#### Task data
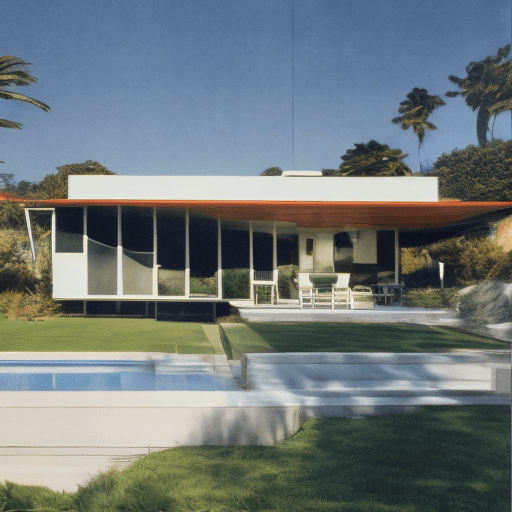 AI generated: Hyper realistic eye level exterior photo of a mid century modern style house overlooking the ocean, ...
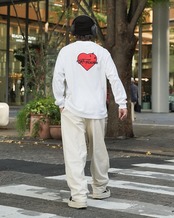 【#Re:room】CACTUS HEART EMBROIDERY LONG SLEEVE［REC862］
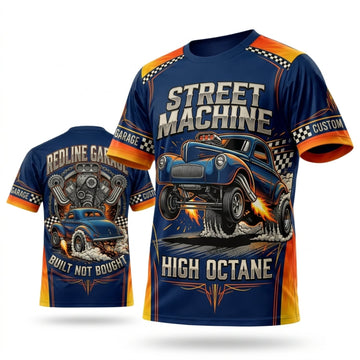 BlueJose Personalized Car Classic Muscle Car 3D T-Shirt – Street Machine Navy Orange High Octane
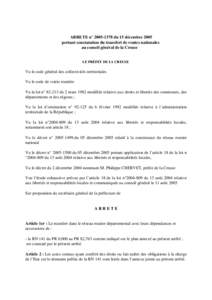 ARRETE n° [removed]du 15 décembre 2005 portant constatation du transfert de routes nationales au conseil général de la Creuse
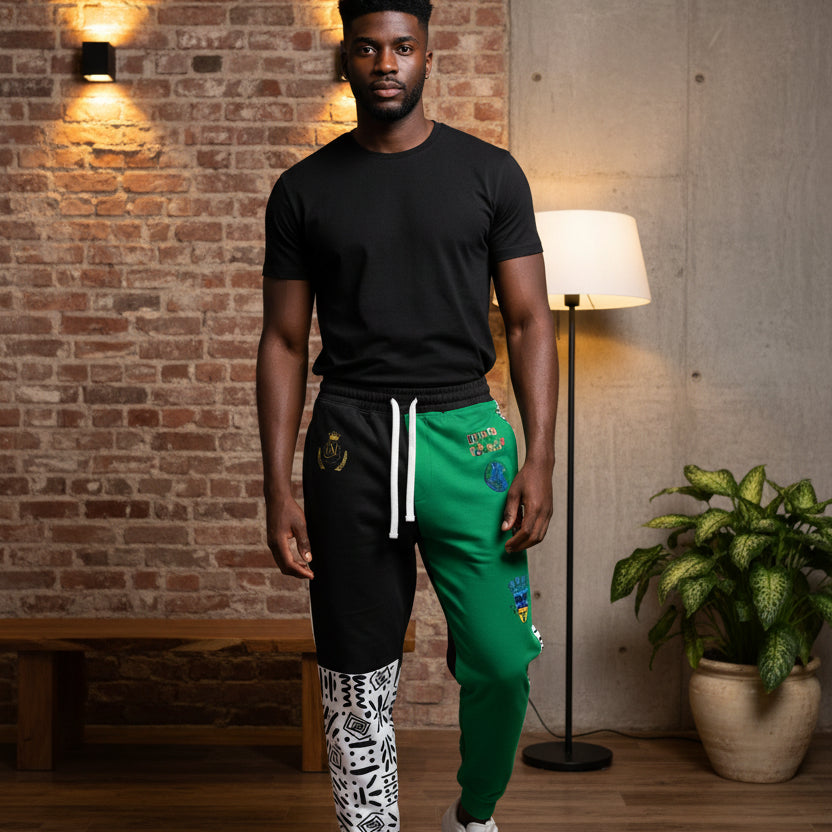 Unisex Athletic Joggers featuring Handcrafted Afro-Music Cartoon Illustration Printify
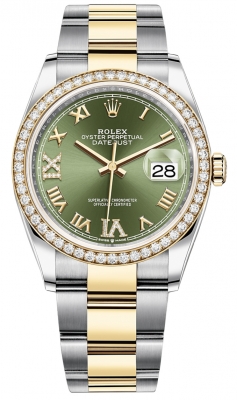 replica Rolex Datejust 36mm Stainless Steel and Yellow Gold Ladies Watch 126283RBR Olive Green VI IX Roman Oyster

==

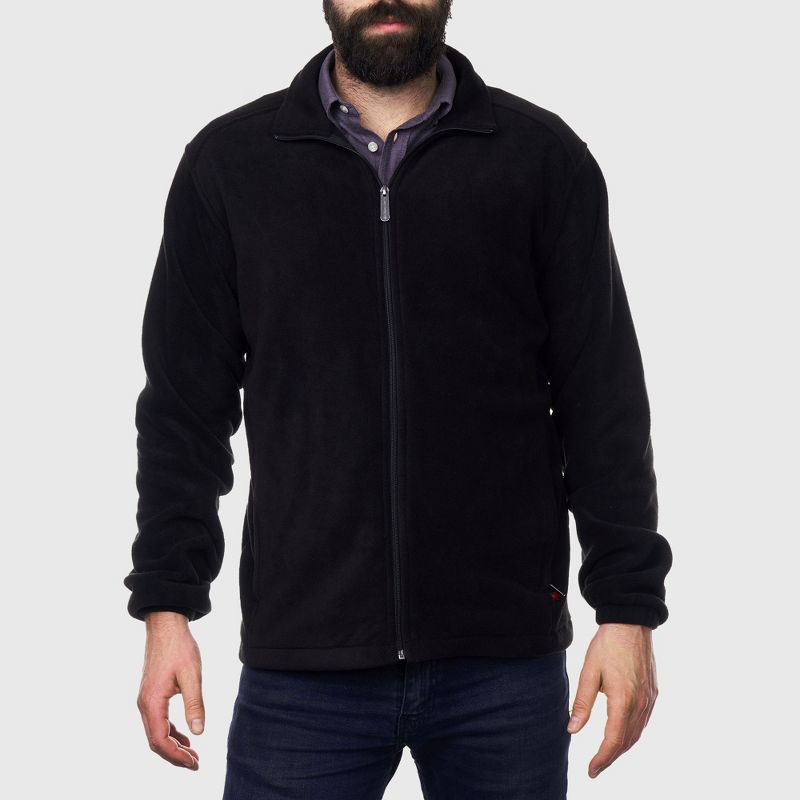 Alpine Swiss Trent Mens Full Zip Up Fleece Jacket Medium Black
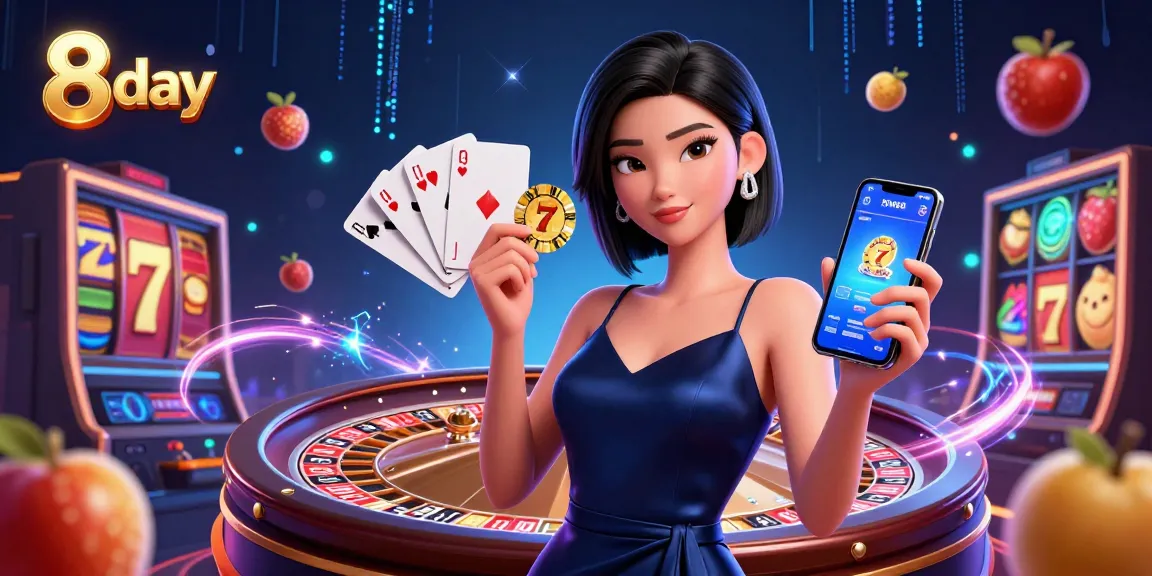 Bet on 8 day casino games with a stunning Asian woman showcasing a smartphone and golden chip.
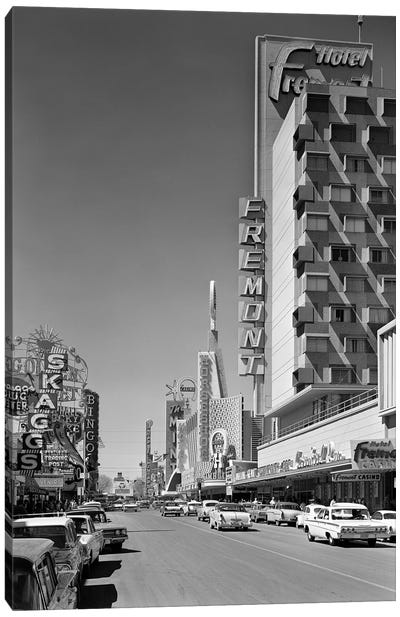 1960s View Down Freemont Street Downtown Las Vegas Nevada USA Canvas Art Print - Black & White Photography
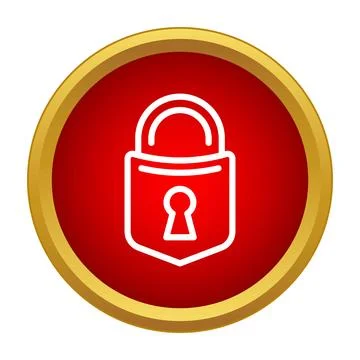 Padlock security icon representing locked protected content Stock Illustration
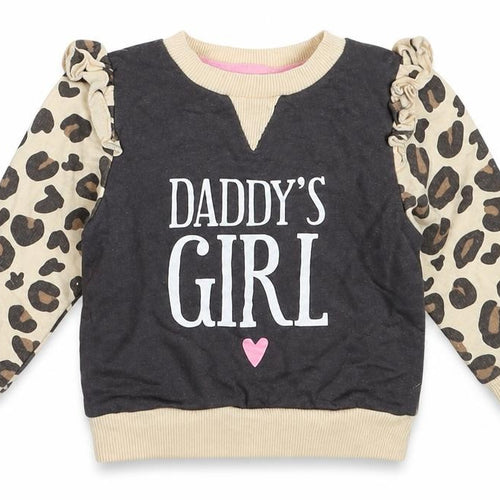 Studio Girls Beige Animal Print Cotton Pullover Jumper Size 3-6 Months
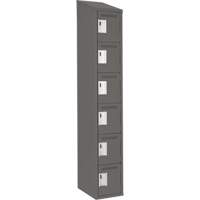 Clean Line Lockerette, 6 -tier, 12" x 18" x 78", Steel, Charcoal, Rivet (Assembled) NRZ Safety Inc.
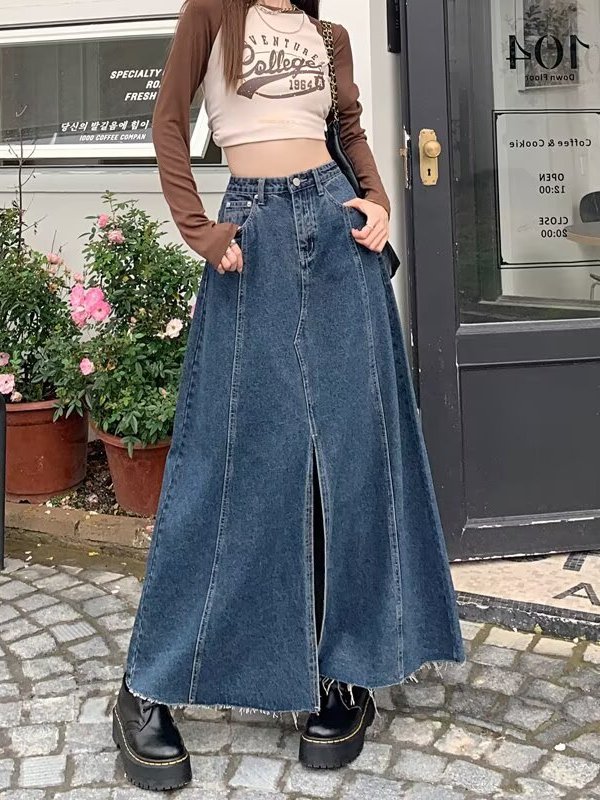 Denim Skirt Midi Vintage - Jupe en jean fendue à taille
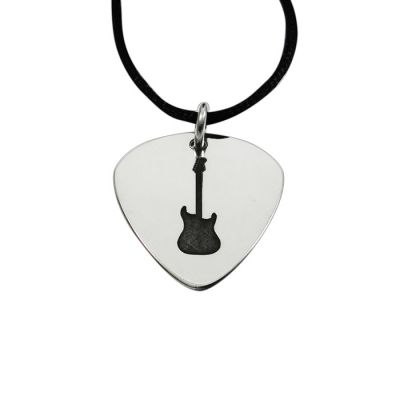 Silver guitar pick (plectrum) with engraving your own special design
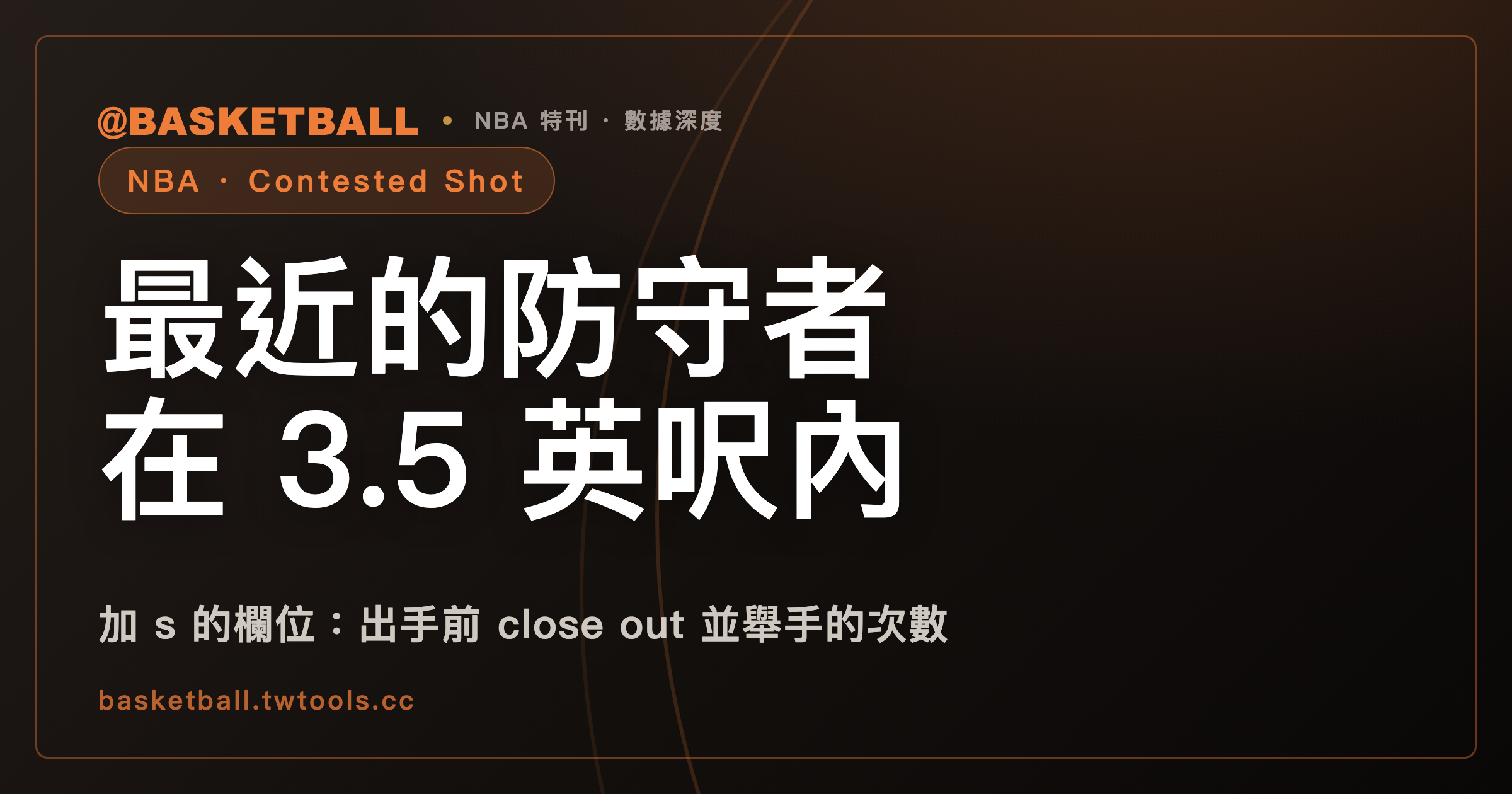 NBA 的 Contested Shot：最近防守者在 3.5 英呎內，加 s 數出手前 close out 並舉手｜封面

#### Exercise instructions
Exact copy, pictures excluded: every line above from the one containing "Unisex Athletic Joggers" to the one containing "replica Rolex Datejust", inclusive, and nothing more.

#### Task response
 Unisex Athletic Joggers featuring Handcrafted Afro-Music Cartoon Illustration Printify
 replica Rolex Datejust 36mm Stainless Steel and Yellow Gold Ladies Watch 126283RBR Olive Green VI IX Roman Oyster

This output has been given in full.